Model Testing
May 25, 2023

How Well Do GPT Models Follow Prompts?

Part 2 of a study on generative AI usage and testing
Mark Chen
10 min

Read Part 1: Validating OpenAI GPT Model Performance

Prompt engineering is a special term from the NLP industry to describe the formulation of better questions for LLMs (large language models) to get better answers. In other words, it is the art of effective prompt design.

If you think about it, we all perform prompt engineering throughout our daily lives. Some people vocalize their curiosities out loud as questions. Other people repeatedly Google search for information until they find answers. Persistent people, especially children, keep asking “Why? Why? But why?” or change their original question until they have a satisfactory answer.

For LLMs, prompt engineering works in a very similar way. Users expect LLMs to produce an output based on a given input, that is, the prompt. When an output isn’t to a user’s liking, they might modify their prompts to hopefully get better results. Prompt engineering is the key that unlocks LLMs to let them produce output at their maximum potential. It is the tiny rudder that steers a 400 billion-parameter ship in the right direction.

From the perspective of a machine learning engineer at Kolena, this article offers a guide toward evaluating prompt effectiveness. We’ll use OpenAI’s GPT-3.5 Turbo model to continue exploring the text summarization problem for news articles.

Necessary Next Steps

The previous blog post explored a text summarization problem, namely, by using generative AI to summarize news articles. We used the CNN-DailyMail dataset (11,490 news articles, each with human-made ground truth summaries) and compared the performance of five different GPT models. In the end, Turbo (gpt-3.5-turbo) generated the best summaries and yielded the highest overall performance at the lowest cost.

Our next step is to determine whether different prompts result in dramatic performance differences and quantitatively evaluate how well Turbo obeys its given prompts.

Evaluation Metrics

We want to avoid qualitative performance evaluations because the summaries we declare to be “better” might not be consistent with another person’s opinions. Qualitative comparisons always introduce the issue of human bias and subjectivity. Instead, we will once again focus on quantitative performance evaluations.

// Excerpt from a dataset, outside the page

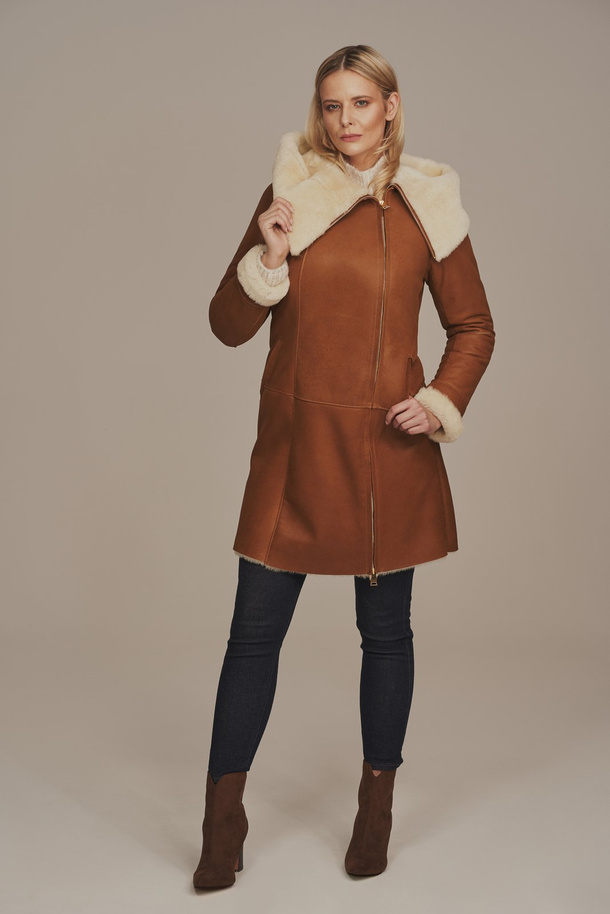 Cojoacă damă naturală cu glugă, culoare roșcată pe blană albă, din piele naturală de miel, lungime până la genunchi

The previous blog post already defined text-based performance metrics such as BERT_rec (BERTScore’s recall), wc_inf (inference word count), and ROUGE_L. Here, we’ll add three new metrics:

  1. METEOR: A better BLEU, claimed to have a higher correlation with human judgment (0 to 1).
  2. formality: A score indicating the level of informality or formality in a text (0 to 1).
  3. pii_count: A metric that counts the proper nouns or personal data within a text.

We can use these metrics to identify poor performance when a model generates lengthy or informal summaries. In general, generated summaries should remain short and preserve the formal tone of the original news articles.

The Prompts

We used eight prompts against the Turbo model for eight different sets of generated summaries. We outline them below with a one/two word alias (bolded), followed by the original prompt:

Performance Differences

To see which prompts are better for generating summaries based on text similarity, we can list out the top five prompts per metric by order of performance (best first):

The top five prompts for BERT_rec, ROUGE_L, and METEOR consistently include the words DetailedV2, Detailed, Uppercase, and Basic. Without going into too much detail, DetailedV2 performs better than Basic by 0.4% for BERT_rec, 4% for ROUGE_L, and 3% for METEOR.

Distribution of ROUGE_L: DetailedV2 > Basic

From the plot above, we can observe that the blue histogram has higher values than the purple histogram. This indicates that DetailedV2 performs at a higher level than Basic for ROUGE_L, which is an improvement. In general, these four prompts (DetailedV2, Detailed, Uppercase, and Basic) outperform other prompts such as No PII or Point Form against text similarity metrics. This is not surprising as No PII and Point Form are prompts with different output requirements that may cause a decline in the amount of retained information within generated summaries.

Distribution of ROUGE_L: 60 Words > DetailedV2

An interesting observation is that 60 Words is the best prompt for yielding the greatest ROUGE_L score, even though 60 Words is not within the top five prompts for other text similarity metrics. We can see this in the purple bars from the 60 Words distribution peeking out to the right of the blue distribution. If you value the ROUGE_L metric the most out of all the other metrics, you would want to use 60 Words as your prompt, which might not be the most obvious choice when DetailedV2 appears to perform well consistently. This is why prompt engineering is important.

Adherence to Prompts

To measure how well GPT Turbo adheres to our prompts, we will look into three different avenues: PII counts, word counts, and formality.

How well does GPT Turbo adhere to requests that limit PII?

For some GPT users, a potential requirement in generated outputs is to avoid PII. Many people value the security and privacy of their personal information, and some businesses might need to preserve data anonymity — there could be legal requirements to do so, as well.

Let’s see how well Turbo adheres to No PII, which states, “Do not use any proper nouns”, and compare it to Basic and 60 Words as a baseline. We should expect to see zero PIIs coming from No PII, or at the very least, something significantly lower in number compared to the baselines.

Distribution of PII counts: Basic > 60 Words > No PII

From the above, the Turbo model does reduce the number of PIIs within generated summaries for No PII (purple), but it’s far from averaging zero PIIs. Although most generated summaries have a non-zero amount of PIIs, summaries from No PII average around ten fewer PIIs in comparison to the other prompts.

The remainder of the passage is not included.